GeoChemAD: Benchmarking Unsupervised Geochemical Anomaly Detection for Mineral Exploration¶
Conference: CVPR 2026 arXiv: 2603.13068 Code: https://github.com/yihaoding/geochemad Area: Self-Supervised Learning Keywords: Geochemical Anomaly Detection, Unsupervised Learning, Transformer, Benchmark Dataset, Mineral Exploration
TL;DR¶
This paper introduces GeoChemAD, an open-source benchmark dataset, and GeoChemFormer, a two-stage framework that performs unsupervised geochemical anomaly detection via spatial context learning and elemental dependency modeling, achieving an average AUC of 0.7712 across 8 subsets.
Background & Motivation¶
Geochemical anomaly detection (GAD) is critical for mineral exploration, as it identifies locations where elemental concentrations deviate from regional baselines to indicate mineralization zones.

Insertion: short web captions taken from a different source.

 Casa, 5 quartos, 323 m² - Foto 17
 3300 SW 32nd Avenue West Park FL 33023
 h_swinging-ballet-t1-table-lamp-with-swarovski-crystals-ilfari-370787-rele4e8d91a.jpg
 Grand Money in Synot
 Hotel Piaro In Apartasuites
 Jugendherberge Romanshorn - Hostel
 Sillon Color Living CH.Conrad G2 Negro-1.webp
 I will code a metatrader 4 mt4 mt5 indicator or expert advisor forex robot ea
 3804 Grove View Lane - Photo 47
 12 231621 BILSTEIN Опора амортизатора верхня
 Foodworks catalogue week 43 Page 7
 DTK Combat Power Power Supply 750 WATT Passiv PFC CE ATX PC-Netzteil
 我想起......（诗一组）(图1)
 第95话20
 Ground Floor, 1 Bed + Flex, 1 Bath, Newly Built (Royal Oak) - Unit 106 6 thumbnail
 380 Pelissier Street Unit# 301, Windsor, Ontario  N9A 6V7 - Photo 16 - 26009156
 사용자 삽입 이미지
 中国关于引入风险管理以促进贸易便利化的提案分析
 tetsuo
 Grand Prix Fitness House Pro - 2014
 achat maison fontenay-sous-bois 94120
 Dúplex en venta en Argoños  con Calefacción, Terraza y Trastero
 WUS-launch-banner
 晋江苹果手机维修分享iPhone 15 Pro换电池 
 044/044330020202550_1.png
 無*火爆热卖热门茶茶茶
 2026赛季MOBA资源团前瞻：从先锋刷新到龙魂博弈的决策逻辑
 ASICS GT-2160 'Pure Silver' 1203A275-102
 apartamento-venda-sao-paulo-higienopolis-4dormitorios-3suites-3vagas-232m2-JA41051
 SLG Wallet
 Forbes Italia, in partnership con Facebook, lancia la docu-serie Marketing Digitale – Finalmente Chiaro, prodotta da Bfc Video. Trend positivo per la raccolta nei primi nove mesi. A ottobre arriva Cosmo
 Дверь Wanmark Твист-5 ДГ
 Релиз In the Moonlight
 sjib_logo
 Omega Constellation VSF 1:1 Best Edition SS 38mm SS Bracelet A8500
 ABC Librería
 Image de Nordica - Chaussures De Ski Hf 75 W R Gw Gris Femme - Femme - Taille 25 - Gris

Surface geochemical distributions result from primary in-situ and secondary dispersion processes (weathering, erosion), and collected data may reflect multi-stage, multi-source mineralization processes, leading to high spatial discontinuity, uncertainty, and stochasticity. Three key issues exist in prior work:
Non-reproducible data: Most studies rely on proprietary datasets (primarily from the China Geological Survey), precluding fair comparison and result reproduction. Some papers even omit critical metadata.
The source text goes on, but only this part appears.